Soon immersed in the Bedford Park Festival, Torin saw The Chiswick Book Festival as a natural development, as there had always been a book element to the festival. The first Book Festival was hugely helped by having industry insiders Jacks Thomas – then at Midas PR, now Director of the London Book Fair – and Malcolm Edwards, then deputy chief executive and publisher of Orion on board. (He was the editor of George R R Martin’s A Game of Thrones, amongst other things.) The first year’s line-up included Lady Antonia Fraser, Anthony Horowitz, Jacqueline Wilson and Michael Frayn and the rest, as they say is history.
The roll call of famous authors who’ve appeared at the Book Festival is pretty impressive: novelists such as Maggie O’Farrell, historians Max Hastings and Hugh Sebag-Montefiore, children’s writers Jacqueline Wilson and Cressida Cowell, comedy writers David Baddiel, Shappi Khorsandi and Andy Hamilton, adventurers, food and wine writers, people who’ve written their autobiography, such as Jo Malone and Mary Portas, and a fair smattering of journalists and politicians like Hunter Davies, Jeremy Vine and Vince Cable, reflecting Torin’s own contacts book.
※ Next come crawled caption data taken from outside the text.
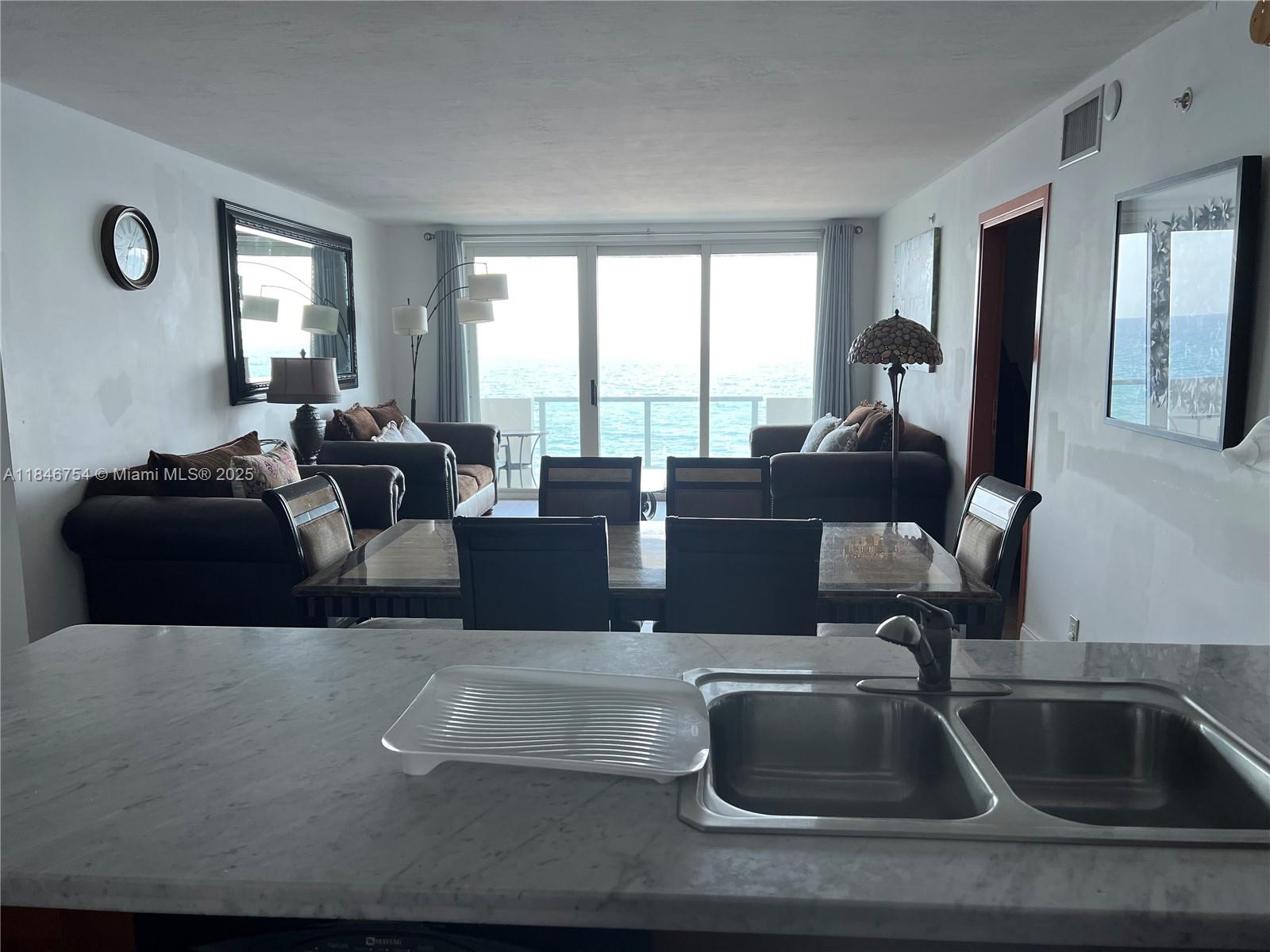 9499 Collins Ave 902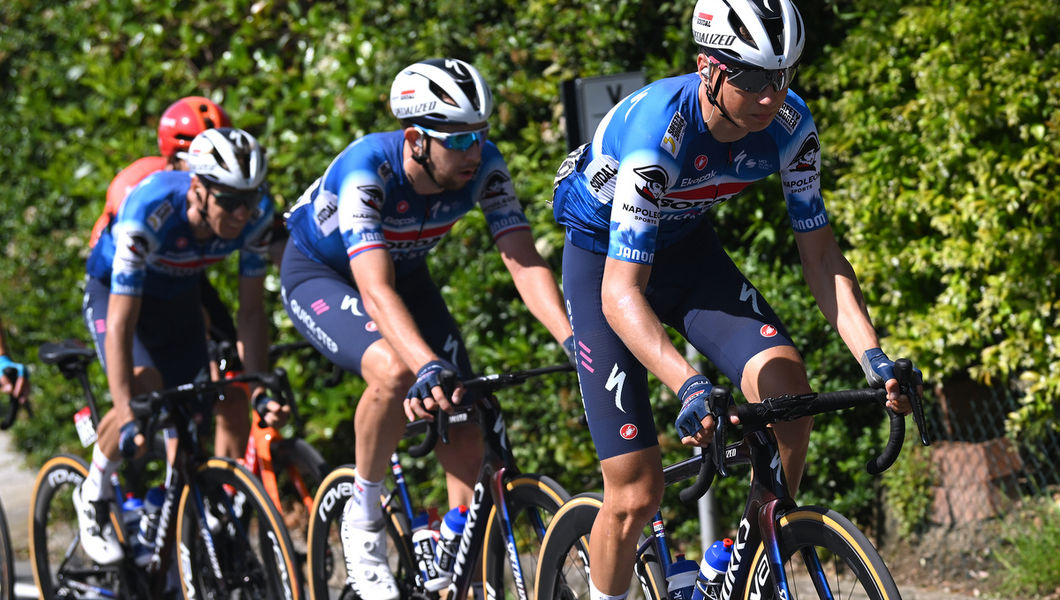 Breakaway surprises Giro peloton in Lucca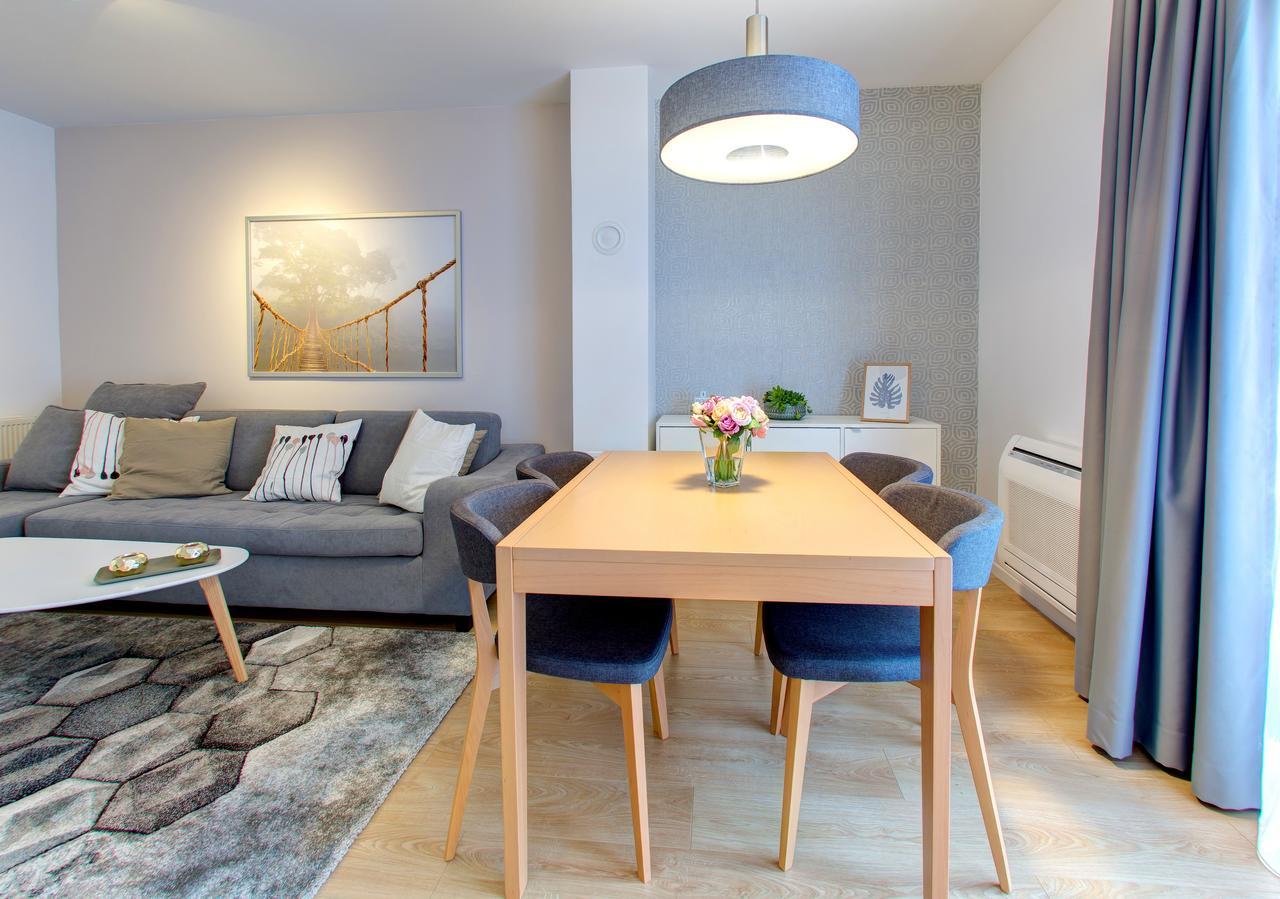 מוסטר Brand New Apartment Selma מראה חיצוני תמונה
I asked him which were the moments that stood out for him from ten years of directing the Book Festival. “The very first event” he said. “When Antonia Fraser filled the church for that very first event, I was so pleased – but what was even better was that she said to everyone at the end ‘What a wonderful church and what wonderful questions from the audience.’” Michael Morpurgo, who three years in got the biggest audience ever – more than 400 people. Torin remembers a little girl standing up and asking him “Why do so many people die in your books?” and the audience laughing when Michael Morpurgo asked her name. “Joy” she told him.
And the Bedford Park Festival? “I got to know Richard Briers quite well” Torin told me. “He was a lovely man. He could be quite grumpy. He didn’t like crowds”. Fr Kevin Morris presided over his funeral at St Michael & All Angels. He recalled how Richard Briers always said “I’m not religious”. Fr Kevin got the last laugh. “You are now” he told a packed church.
The line-up of celebrities for the opening of the 50th Green Days weekend also illustrates the pulling power of Torin’s influence. Downton Abbey actors Elizabeth McGovern and Phyllis Logan, singer Sophie Ellix Bextor and journalists Fergal Keane, Rageh Omar and Jeremy Vine were all there to celebrate the big anniversary.
Not averse to a little gossip, if there is one person with their finger on the pulse of the social and cultural life of Chiswick, it’s Torin. Being a big fish in a small pond can go to your head. Life and literature are full of people who wield a little influence and swan about, using it to triumph in petty rivalries. Torin doesn’t swan, he bustles. He bustles about in a cheerful and entirely productive way for the common good. The opposite of the caricature, he doesn’t seem to bear grudges or make enemies and if there’s a way of working cooperatively, he’ll find it.
He set up an annual networking event a few years ago with Jane Harrison, former Principal of the Arts Ed, because he realised that although he knew lots of people organising cultural events in Chiswick, they didn’t know each other. Providing a forum for the various organisations to meet each other has led to the blossoming of all sorts of productive relationships. The Dog Show talks to the Artists at Home, who chat to the Chiswick Playhouse theatre, who make plans with local writers and so on.
Fat chance of ‘stepping back’. I hate to tell you this Torin, but you are indispensable to the social life of Chiswick!